Reset/restore PCIe config area

Hello
This question might sound strange but if you have any idea I’d welcome it.
We have a PCIe card with a CPU with integrated PCIe controller (LS1046A, as endpoint). If the CPU locks up then we need to reboot the PC to get the card running again which is obviously not really usable. We can issue a hard reset to the CPU but that will also reset the whole config area where the BARs and MSIs are setup. That in return kills the communication with the PC (understandable). I tried to save and restore the whole PCIe area to circumvent this problem. With the BAR values restored I get data exchange via memory back up running again. However sending an MSI still doesn’t work even though the MSI address and data (as given from RC) are restored as well, including the address translation unit to send the write out onto the bus.
What could be the reason that the MSI interrupts still don’t work even after restoring the whole PCIe area? I also had to confirm and clear some errors in these registers but that didn’t help. Any other ideas?

(The LS1046A also offers core resets that would only reset the cores without the rest of the chip. That would leave the PCIe area untouched but only works if the cores are still responding. That kind of invalidates the reset as emergency measure in the first place.)

Thanks

Well… you can’t just save/restore the PCI Config Space. It doesn’t BELONG to you. It’s the data area that’s setup and managed by the PCI Bus Driver.

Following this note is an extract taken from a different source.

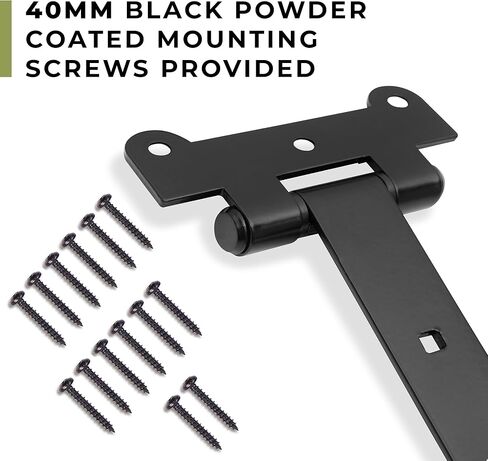 مفصلات أبواب سوداء مقاس 24 بوصة - مفصلات بوابة مكونة من قطعتين مع 14 براغي تثبيت - هيكل حديدي سميك بسمك 4 مم مع طلاء مسحوق أسود - مثالي للبوابات والحظائر والحظائر in Kuwait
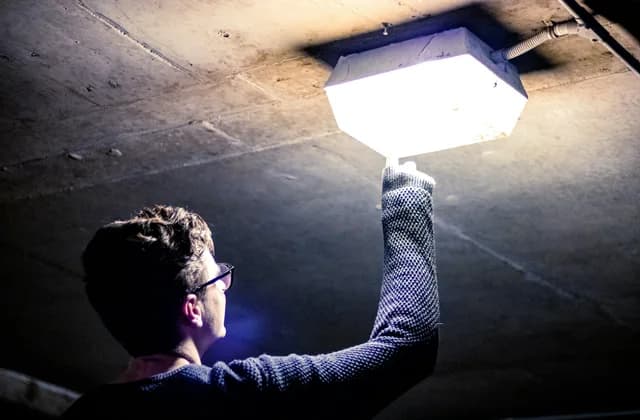 An electrician seen from behind reaching up to a ceiling light fitting in a dim concrete space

What I think you want to do is to restart the device. Do what you need to do on the device itself, and then tell the system to restart the device by calling

WdfDeviceSetFailed(wdfDevice, WdfDeviceFailedAttemptRestart);

That should unload your driver, restart your device, and reload your driver. Is that what you want??

I sincerely hope you are only talking about debugging purposes only here. On general principles, no piece of hardware should ever require a reset during normal operation, and no production driver should trigger a reset like this. If your motherboard includes PCIe hotplug support (only a few do), you can have the PCIe block drop off the bus and reappear, where it will be re-enumerated.

And if it IS for debugging purposes only, then it isn’t really that burdensome to restart the PC in this case, right? That time penalty is a good incentive to fix the bugs that are causing the CPU to lock up in the first place.

This is a CPU card where users can write and run their own (low-level) code so a lockup is something to deal with (access to unmapped memory, blocked interrupts etc) and not just for debugging. I’m aware that I shouldn’t touch the PCIe area, that was kind of a last resort measure.
I’ll gladly look into WdfDeviceSetFailed if this gives me an accepted way of restarting the card. What if I have two such cards in the same PC? Would unload the driver also stop communication (temporarily) to the second card?
Thanks

On general principles, no piece of hardware should ever require a reset during normal operation

I would have agree with that a year or two ago. And then I spent a lot of time, almost too much time, with high-end FPGAs that can get reconfigured.

OK… niche market… but, still. There is sometimes a legit need to do a complete reset of a device, with a resulting (sometimes dramatic) config space change.

1 Like

What if I have two such cards in the same PC? Would unload the driver also stop communication (temporarily) to the second card?

Device objects are all entirely separate. The fact that they happen to use the same driver is an irrelevant detail.

I don't know if I'm missing something. I tried to call WdfDeviceSetFailed but then I lost connection to my card, even though it was still working fine. As it also has an Ethernet port I could look inside and check that everything is fine. Also the PCIe area looked the same (on first glance, no thorough check). Do I need to do something else after calling this function?

Hmmm... well... yes, you WILL lose connection to your device. That's kind of the point.

Your device will be re-enumerated and your driver will be reloaded for that device instance.

Is that not what you wanted to happen?

I thought that it would restablish connection, kind of same as after a reboot but without the reboot of the PC. I don't mind losing connection temporarily, that's the point of a reset. But now I don't get the connection back as I thought I would. Do I need to handle some events in the driver (other than already present)? Do I need to do something else to get the connection back after enumeration (on PC side)?

Well, no… you shouldn’t have to do anything special. You’ve read the docs for WdfDeviceSetFailed, right? Specifying “attempt restart” in that second parameter should be all you need to get your driver called again.

So, hmmm…

Yes, I did read about it and used it as you suggested. I don't know yet why exactly communication doesn't work anymore after calling it. But if it doesn't work while everything is in normal running state I have doubts that it works better after issuing a reset on the card.
Without any other (hardware) changes in the PC, should the card get the same resources (BAR addresses, MSI numbers) as the first time or can they change in re-enumerating?

Sorry that it's not helping.

Yes, the resources can change.

In fact, that's the reason I used it: I programmed the card to use different resources.